Details of the secret army memo, dated April 1998, became public after Ilicak published excerpts Oct. 21 in her column in the religious-leaning daily Yeni Safak. The measures it proposed included getting newspaper editors to publish stories defaming selected journalists, politicians and a prominent rights group by saying all had received money from and collaborated with Kurdish separatist terrorists.

“The aim is to undermine their reputations,” the memo said.

Shortly afterward, allegations began to surface in the Turkish press that, during his interrogation, a captured Kurdish rebel had accused those named in the document of links to his group.

Within days of those allegations, Mehmet Ali Birand, a liberal columnist for the daily Sabah, was fired by his editors. And within weeks, Turkey’s top human rights defender, Akin Birdal, narrowly survived an armed attack by ultranationalist gunmen.

Controversy over the memo received a boost Thursday after the army issued a statement admitting that the document was genuine. The statement described the measures as part of its legitimate struggle against terrorism. It left open whether the measures had ever been implemented, but it made clear that the army would consider similar actions whenever it deemed fit.

The statement said: “The Turkish Armed Forces will continue to wage in a resolved manner its determined, serious, sensible and legal struggle against persons and institutions that attempt, without considering their own situation and their own past, to insult the Turkish Armed Forces members who think of nothing other than to serve their country at the expense of their own lives, and it will continue to warn those who do not exhibit this sensitivity.”

Bir was subsequently quoted in press accounts as saying that he was very pleased with the statement and that he had been acting in the interest of the state.

Advertisement

Under Turkish law, military officers can be tried only in military courts and only if their commanding officers agree that they should be prosecuted. So chances that Bir will ever appear in court are extremely slim.

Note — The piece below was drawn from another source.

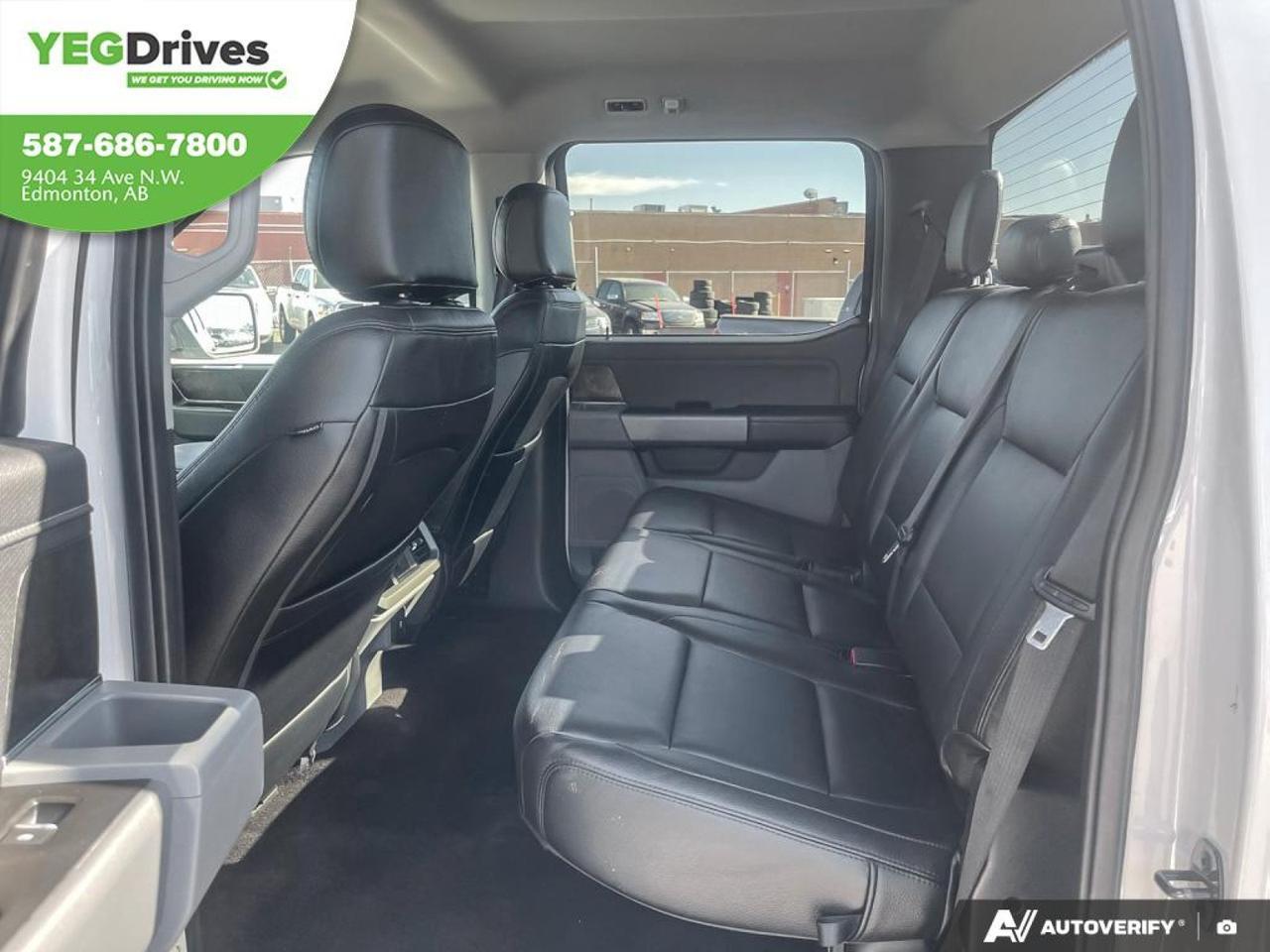 2022 Ford F-150 XLT Edmonton AB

The army’s statement came only days before the European Union is expected to announce a set of conditions that Turkey must fulfill before it can achieve its long-cherished goal of full membership in the EU. High on the list are likely to be demands that Turkey improve its bleak human rights record and that the army keep out of politics.

“This [incident] is 10 times worse than the Watergate scandal in America,” wrote Gulay Gokturk, a prominent Sabah columnist. A fellow columnist, Cengiz Candar, who was targeted in the now-famous memo, had even harsher words, but his editors refused to run his article last week, saying it was libelous and insulted the military. That move provoked a further uproar in the Turkish press. And in an act of solidarity, several rival newspapers published the article in which Candar likened Bir to former Chilean dictator Augusto Pinochet.

Military Remains Popular With Public

Turkey’s generals, who view themselves as guarantors of the secular legacy of the founder of modern Turkey, Kemal Ataturk, have seized power three times since 1960. The army’s latest intervention came in 1997, when it forced the country’s first pro-Islamic prime minister, Necmettin Erbakan, to step down amid charges that he had sought to introduce Islamic rule during a turbulent year in office.

Yet the military continues to rank among Turkey’s most venerated and trusted institutions, and its popularity shows few signs of waning.

Echoing widespread public sentiment, Emin Colasan, a columnist for the pro-establishment daily Hurriyet, said: “When it is a matter of national security, certain institutions of the state undertake such actions. Journalists who defend terrorist actions are more dangerous than the terrorists themselves.”

Advertisement

Some commentators have even suggested that in taking responsibility for the memo, the army has proved it is willing to become more open and accountable, in line with EU demands.

“This whole affair is a watershed for Turkish democracy,” Candar said in a telephone interview. “I am hopeful that things will get better in the long term, but in the short term they could get worse.”